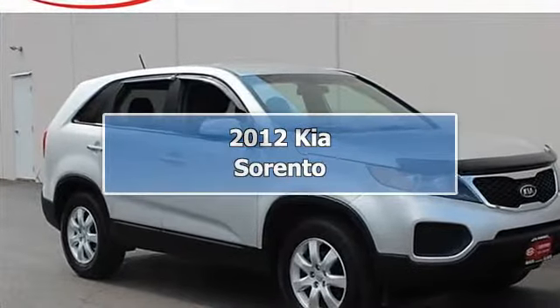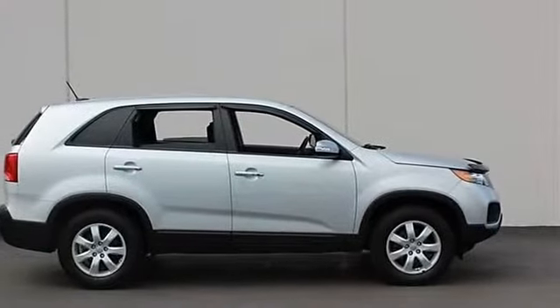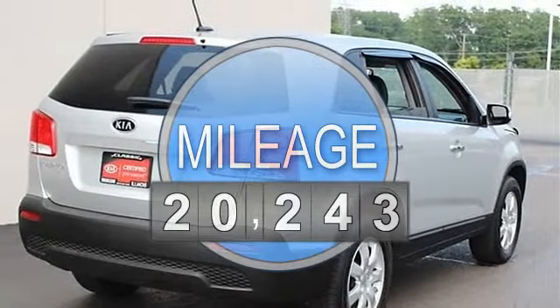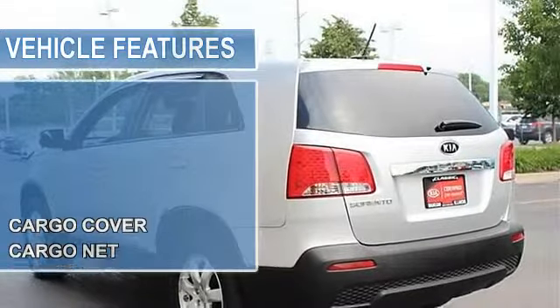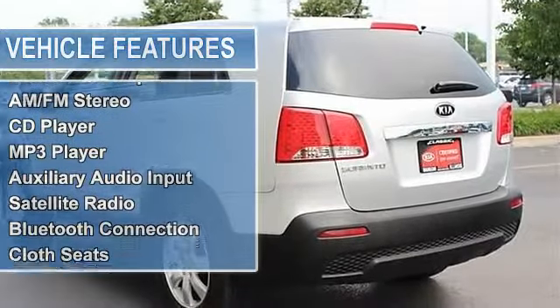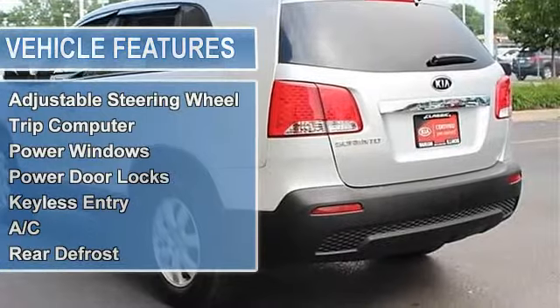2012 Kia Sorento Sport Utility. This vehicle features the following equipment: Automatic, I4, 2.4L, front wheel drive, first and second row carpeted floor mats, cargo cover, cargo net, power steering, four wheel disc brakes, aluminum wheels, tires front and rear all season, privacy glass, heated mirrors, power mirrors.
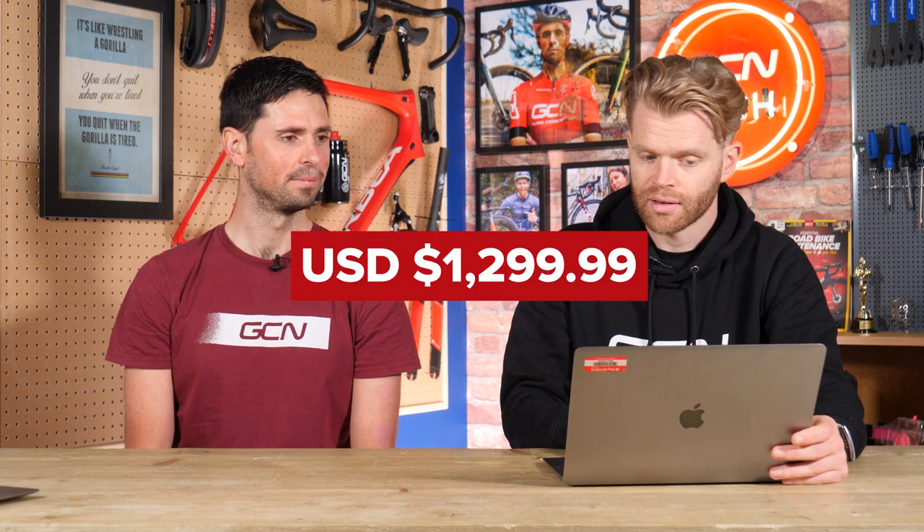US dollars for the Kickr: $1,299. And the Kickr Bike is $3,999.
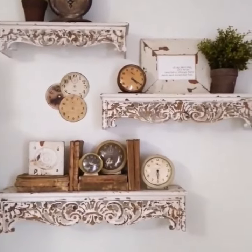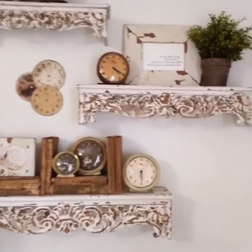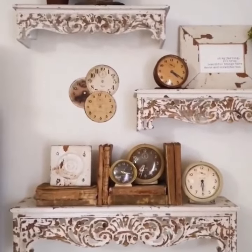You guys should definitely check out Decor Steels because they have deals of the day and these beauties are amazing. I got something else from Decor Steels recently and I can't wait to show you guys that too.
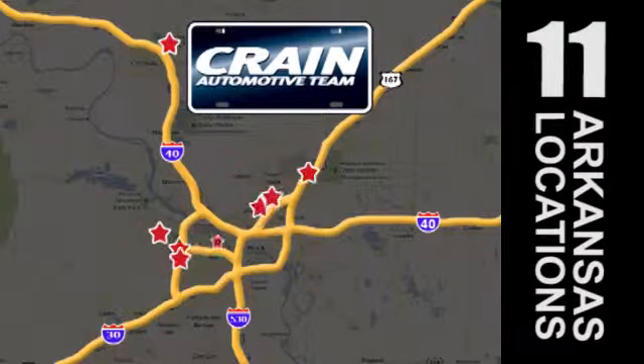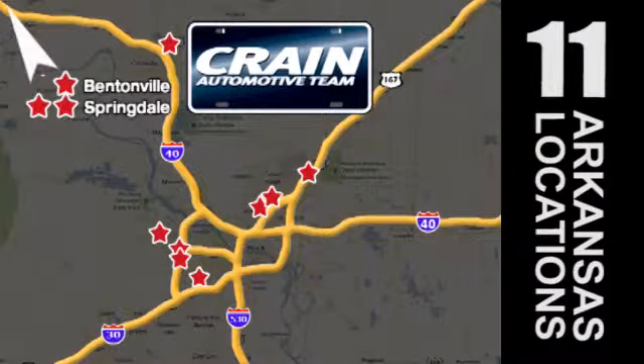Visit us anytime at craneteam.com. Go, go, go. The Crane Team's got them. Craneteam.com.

- _TASK OBJECTIVE_: Skipping any pictures, transcribe the full listing exactly.

- _OUTPUT BELOW_:
2012 Kia Sorento Sport Utility. This vehicle features the following equipment: Automatic, I4, 2.4L, front wheel drive, first and second row carpeted floor mats, cargo cover, cargo net, power steering, four wheel disc brakes, aluminum wheels, tires front and rear all season, privacy glass, heated mirrors, power mirrors.
US dollars for the Kickr: $1,299. And the Kickr Bike is $3,999.
You guys should definitely check out Decor Steels because they have deals of the day and these beauties are amazing. I got something else from Decor Steels recently and I can't wait to show you guys that too.
Visit us anytime at craneteam.com. Go, go, go. The Crane Team's got them. Craneteam.com.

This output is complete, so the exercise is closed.